Robynn Rodriguez as Queen Elizabeth
Elizabeth Woodville is the beautiful widow Edward IV fell in love with, thwarting the Kingmaker Warwick’s plans to marry him to a foreign princess. Unfortunately, she had what her enemies considered an undistinguished background. She was also cursed with a multitude of grasping relatives who made themselves disliked. The most egregious example of their ambition was the betrothal of Elizabeth’s 20-year-old brother, John Woodville, to the dowager duchess of Norfolk, a wealthy woman in her sixties.
However, it is possible that some of this criticism was simply sexist. A man who advanced himself thus might be applauded for his aggressiveness and strategic choices. Certainly, Warwick the Kingmaker promoted his own family for years.
Once the King is dead, she knows she too faces danger. Although she suffers tremendous losses, she is one of the few on stage who outwits Richard. She assures her daughter’s future, and in doing so the future of the kingdom.
Robynn Rodriguez presents us with all aspects of this complicated woman–a woman who faces tremendous grief, but who can still protect her family by making better choices.
Lizan Mitchell as Margaret of Anjou
The night I saw Richard the Third, Lizan Mitchell received applause upon several of her exits. Such was the quality of her performance as the widow of Henry VI and mother of a murdered prince.
Margaret is the most powerful woman in the Henry VI tetralogy, playing politics and leading an army. Now, she has the permission of age: to speak her mind. She revels in the relentless honesty of a woman who has lost everything. And her prophecies all come true, every single one of them.
Unfazed by being called a hideous hag and a witch, Margaret is incandescent with the rage of an older generation. She has been drained of all her advantages. Her only joy is to seek revenge.

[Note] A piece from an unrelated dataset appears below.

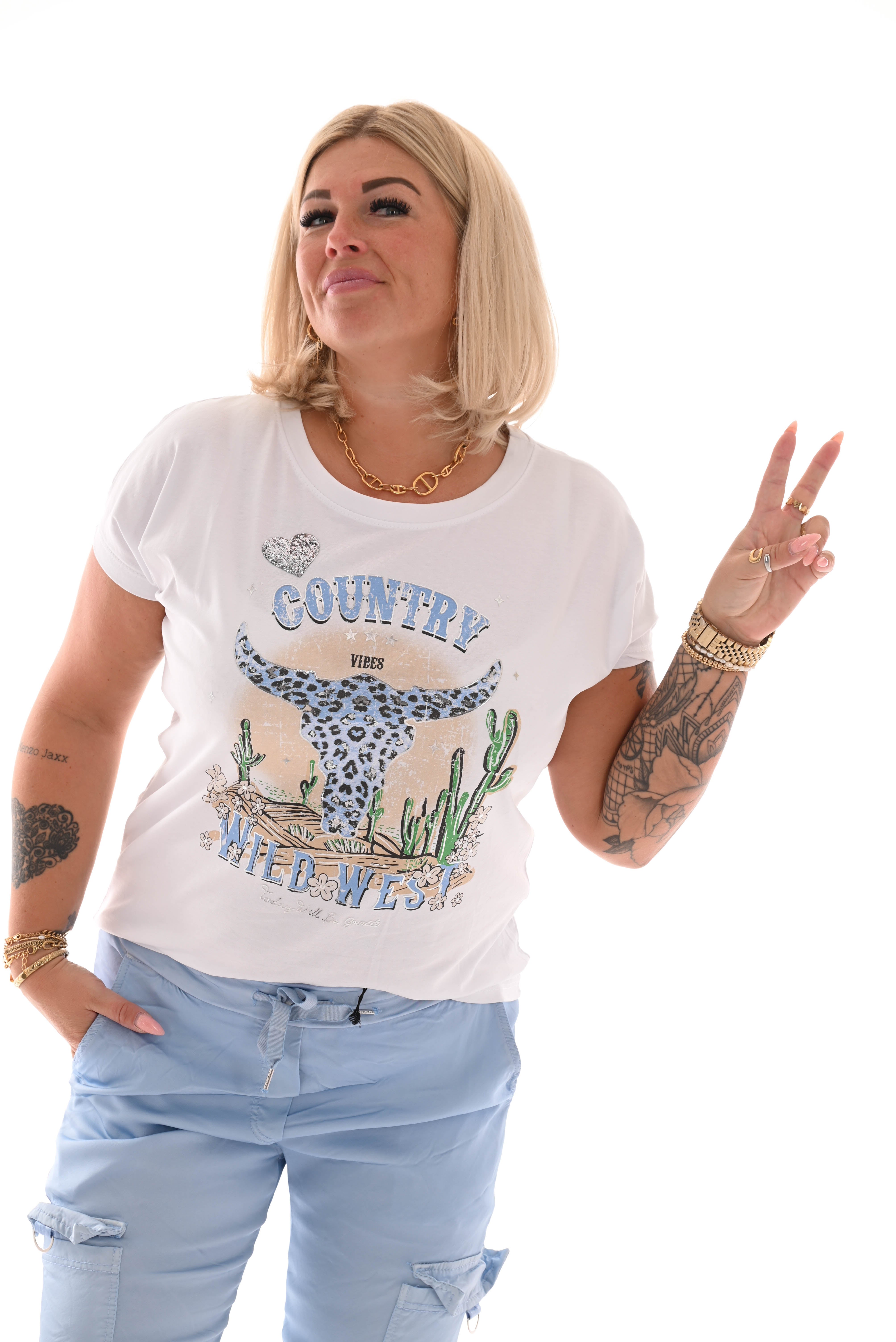 T-shirt Country wild west blauw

Her victory is to survive until she finds refuge in France. Given the bloodthirsty nature of her enemies, that is no small achievement.

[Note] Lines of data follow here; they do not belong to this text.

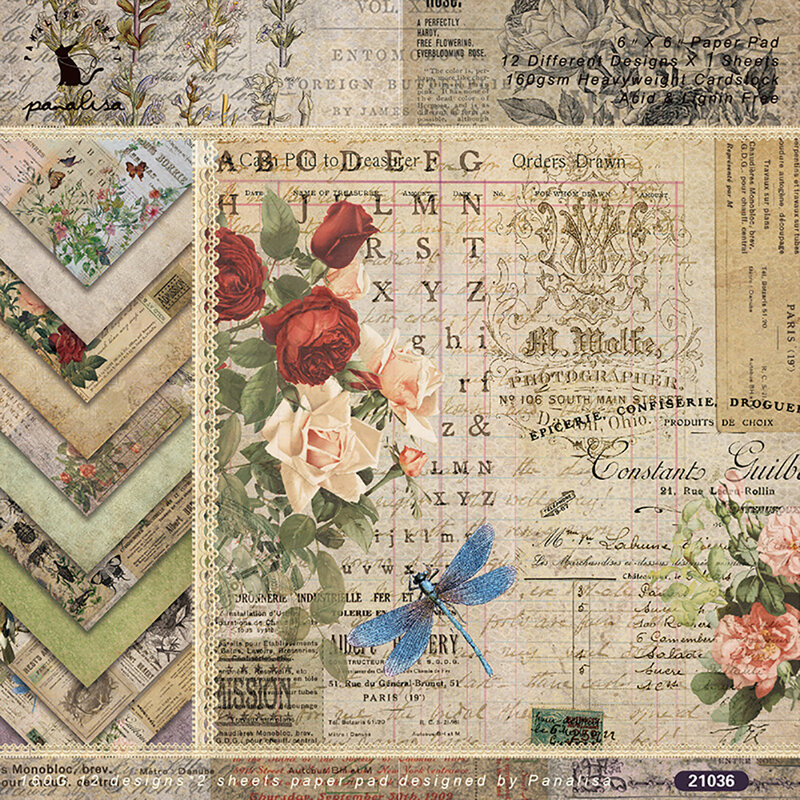 12 Sheets 6"X6" Vintage Patterned Paper Pad Scrapbooking Paper Pack Handmade Craft Paper Craft Background Pad Card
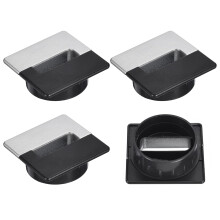 4Pcs Cable Hole Cover, 2-3/8"(60mm) ABS Square Desk Wire Cord Cable Grommets Hole Cover for Office PC Desk Cable Cord Organizer, Black Silver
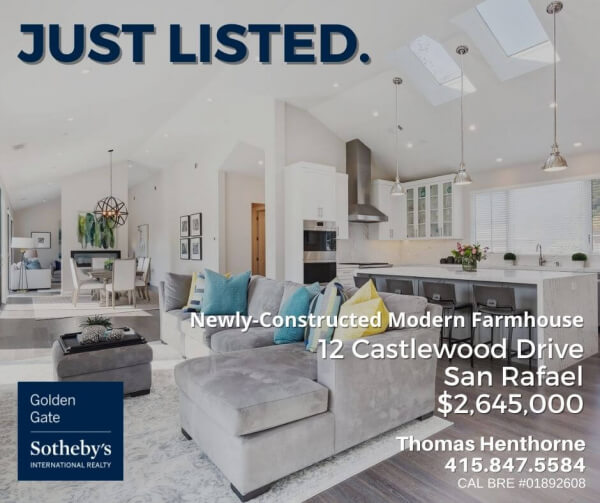 12 castlewood drive san rafael just listed banner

Sandra Shipley as the Duchess of York
According to Shakespeare, Richard’s mother hated him from birth because of his deformity. This lack of love caused Richard to turn evil. But it is hard to know which came first, her hatred or his wicked nature.
Sworn enemy to Margaret of Anjou, the Duchess is mother to two kings. Here, her presence emphasizes the villainy of her son Richard. A man who is hated by his own mother must be truly monstrous.
Shipley brings us this unnatural mother in all her strength and fury.
The Victory of Female Energy
Director David Muse has cast two traditionally male roles with females: Sofiya Cheyenne as the Mayor of London and Evelyn Spahr as the Earl of Richmond, who becomes Henry VII. It is worth noting that (except for the Mayor of London) all the women ultimately oppose Richard. Richard’s enablers are, by and large, men.
Here, Muse is emphasizing the importance of female energy. Richard ignores this energy at his peril.
The play is called Richard the Third for a reason. But in the end, women prevail.
Running Time: Two hours and 30 minutes, with one 15-minute intermission.